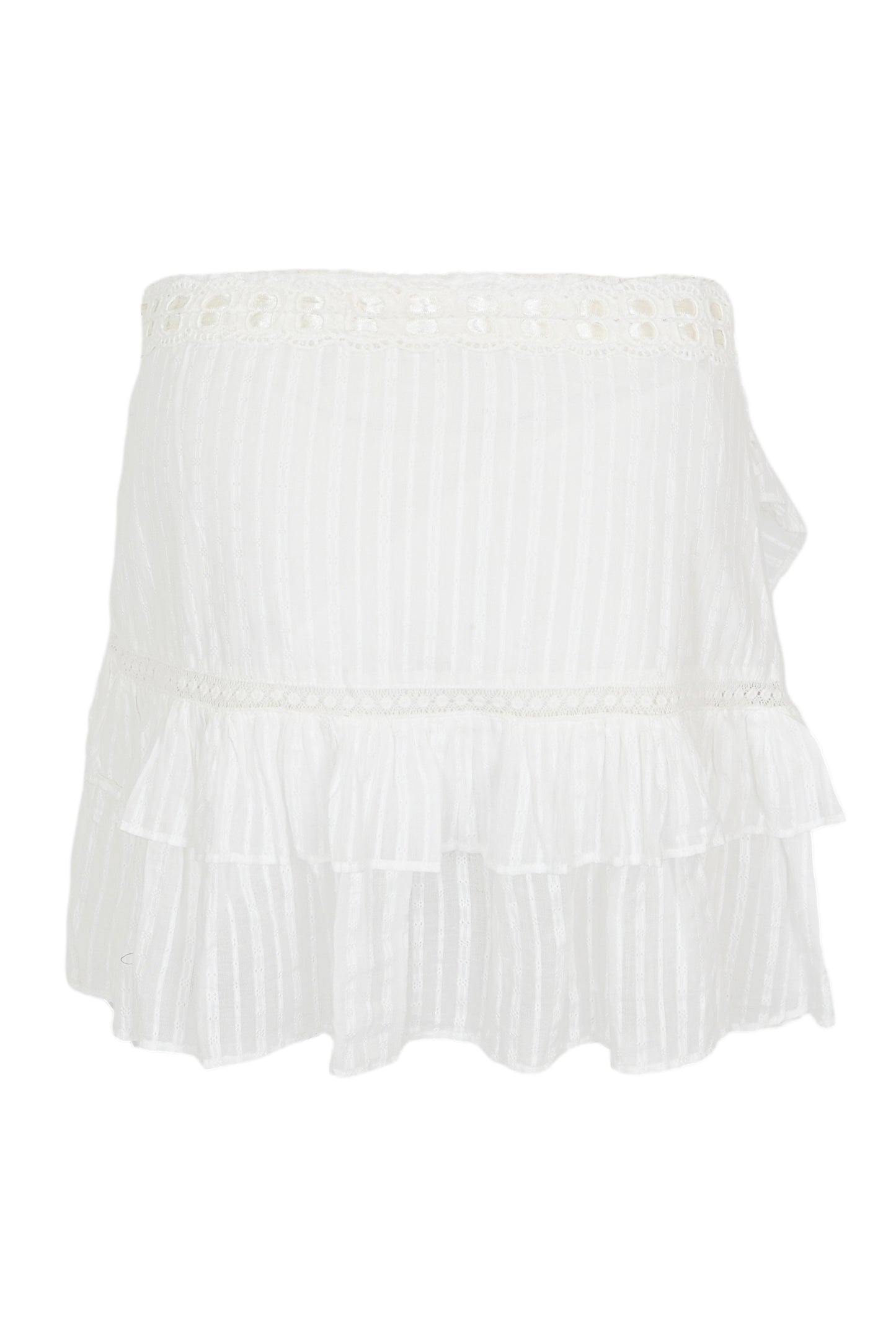 Load image into Gallery viewer, White Tiered Mini Skirt - Skirt
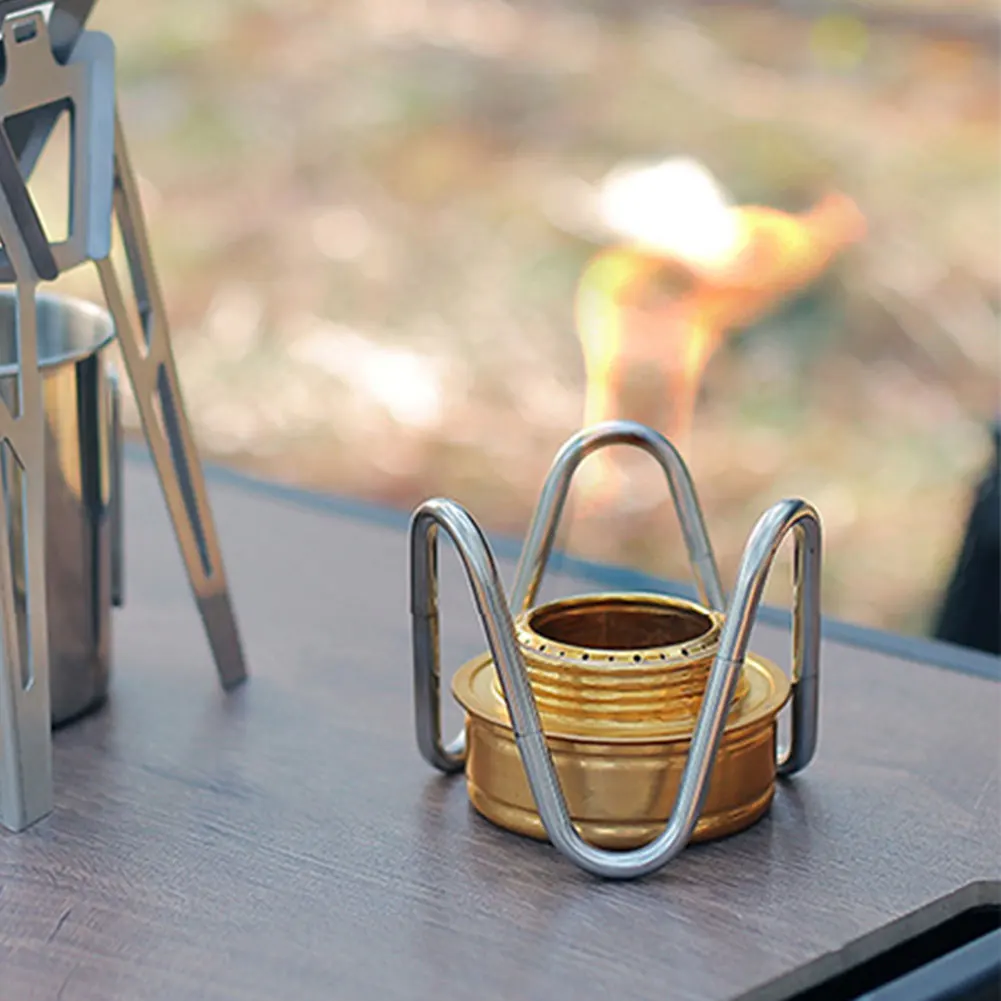 ブラケット付き屋外アルコールストーブ ポータブルクッキングストーブ 調整可能な火力 超軽量アルコール炉 屋外サバイバル用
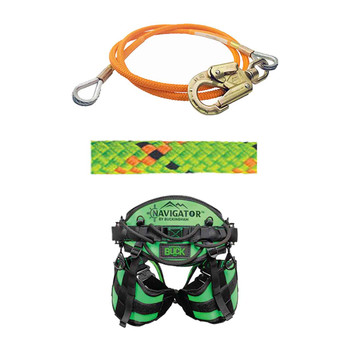 Lime, Orange Static Master Pro Climbing Rope Kit With Orange Wire Core Flip Line And Medium, 32" - 3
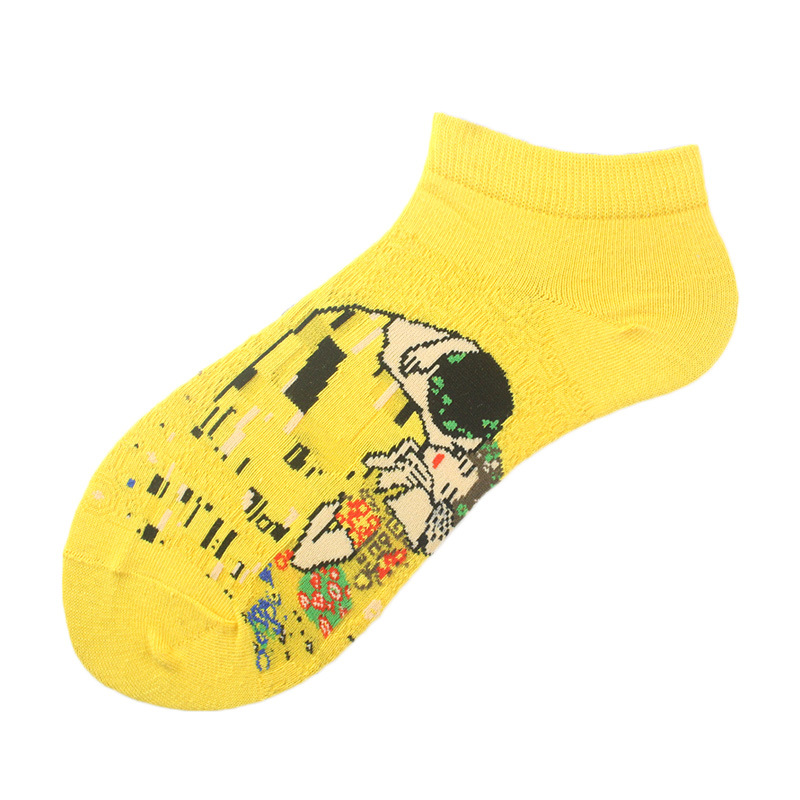 Calcetines de tobillo para hombre primavera y verano calcetines nuevos calcetines de corte bajo para mujer pintura al óleo calcetines de moda europeos y americanos ins al por mayor transpirable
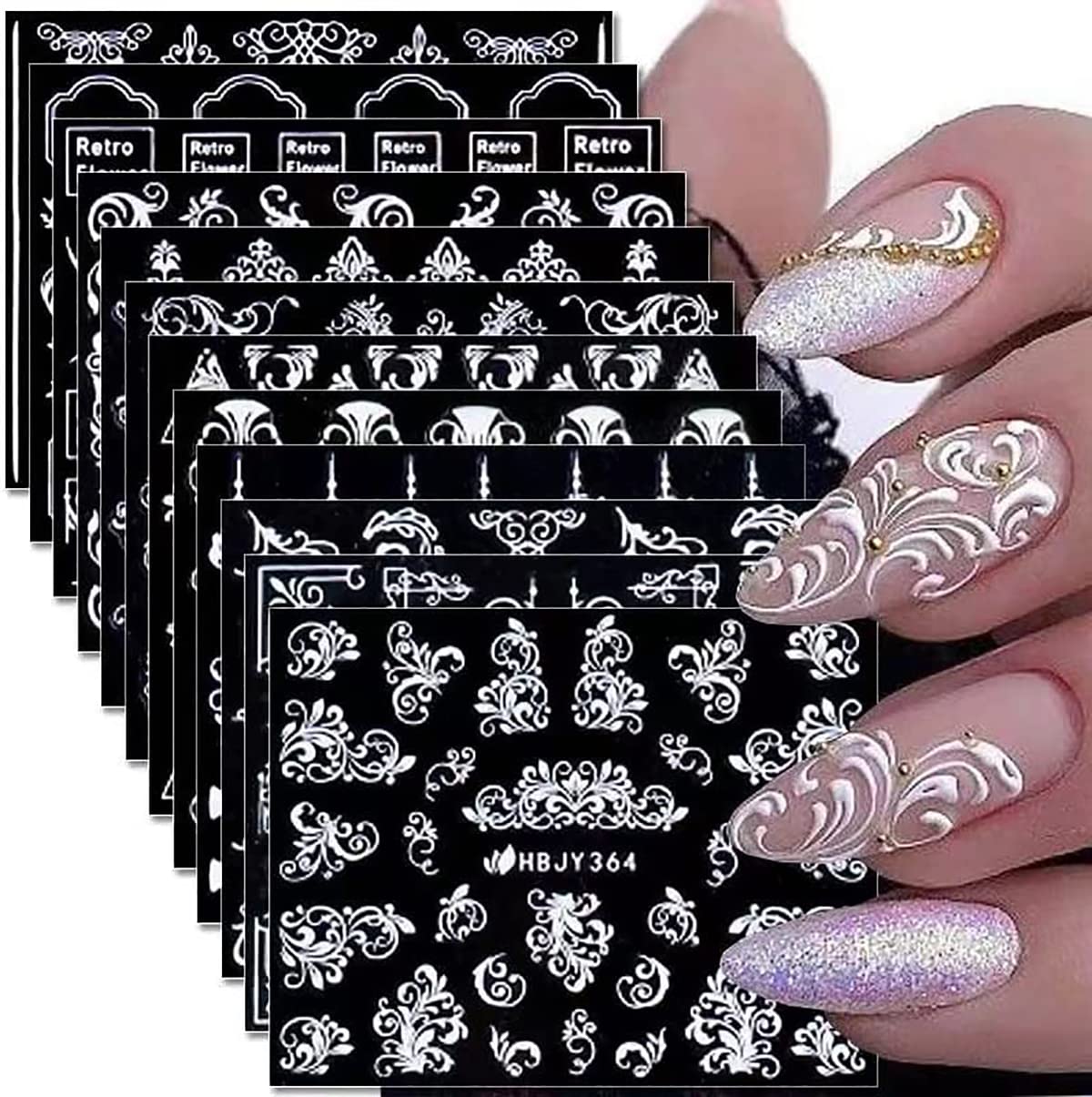 10 Sheets Retro Flower Nail Art Foil Transfer Stickers, Adhesive Nail Art  Supplies For Acrylic Nails Foil Stickers, Nails Supply Floral Manicure Tips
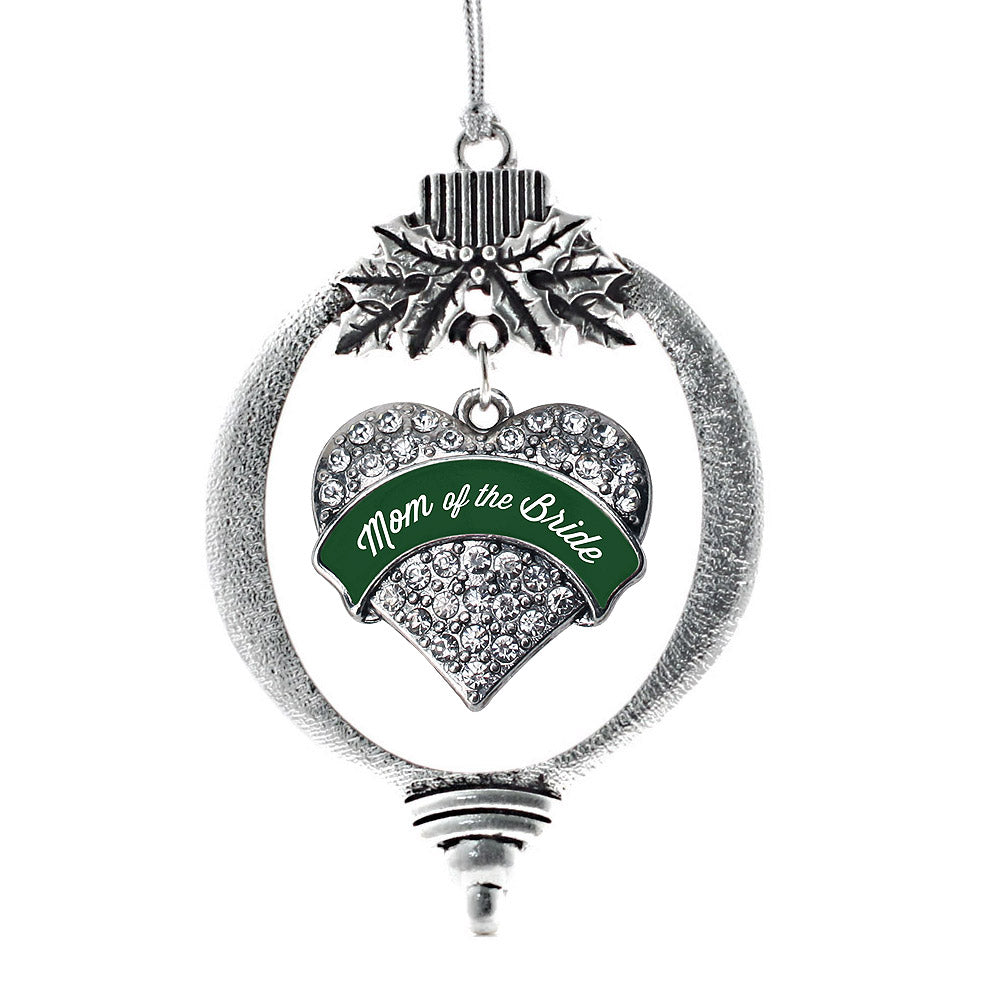 Forest Green Mom of Bride Pave Heart Charm Christmas / Holiday Ornament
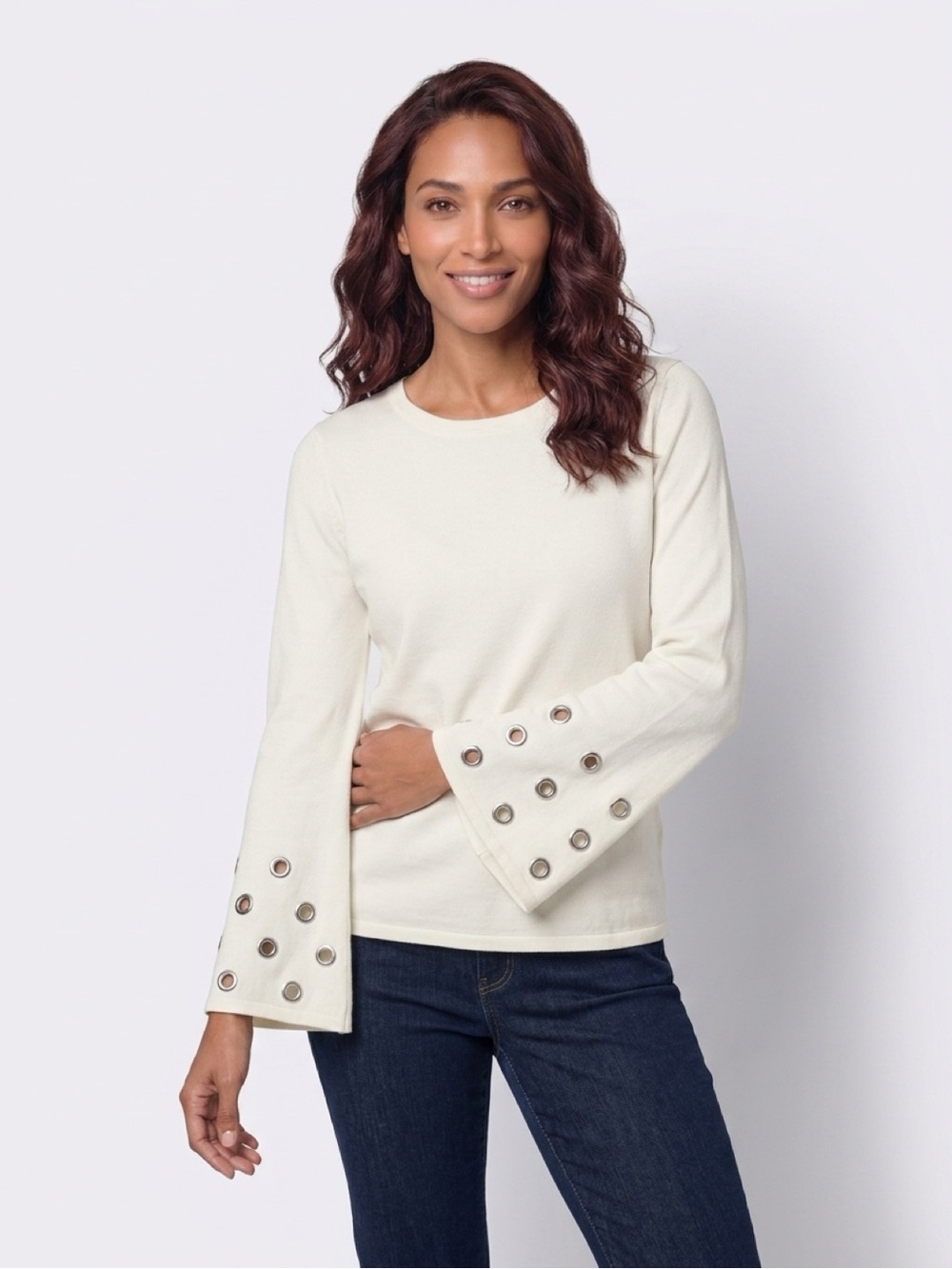 Carmen Marc Valvo White Long Sleeve Top with Silver Eyelet Trim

:: TASK TO CARRY OUT ::
In the listing above, find the line holding "ブラケット付き屋外アルコールストーブ ポータブルクッキングストーブ 調整可能な火力" and the line holding "Calcetines de tobillo". Reproduce those two lines and all between them exactly, leaving out pictures.

:: ANSWER BOX ::
 ブラケット付き屋外アルコールストーブ ポータブルクッキングストーブ 調整可能な火力 超軽量アルコール炉 屋外サバイバル用
 Lime, Orange Static Master Pro Climbing Rope Kit With Orange Wire Core Flip Line And Medium, 32" - 3
 Calcetines de tobillo para hombre primavera y verano calcetines nuevos calcetines de corte bajo para mujer pintura al óleo calcetines de moda europeos y americanos ins al por mayor transpirable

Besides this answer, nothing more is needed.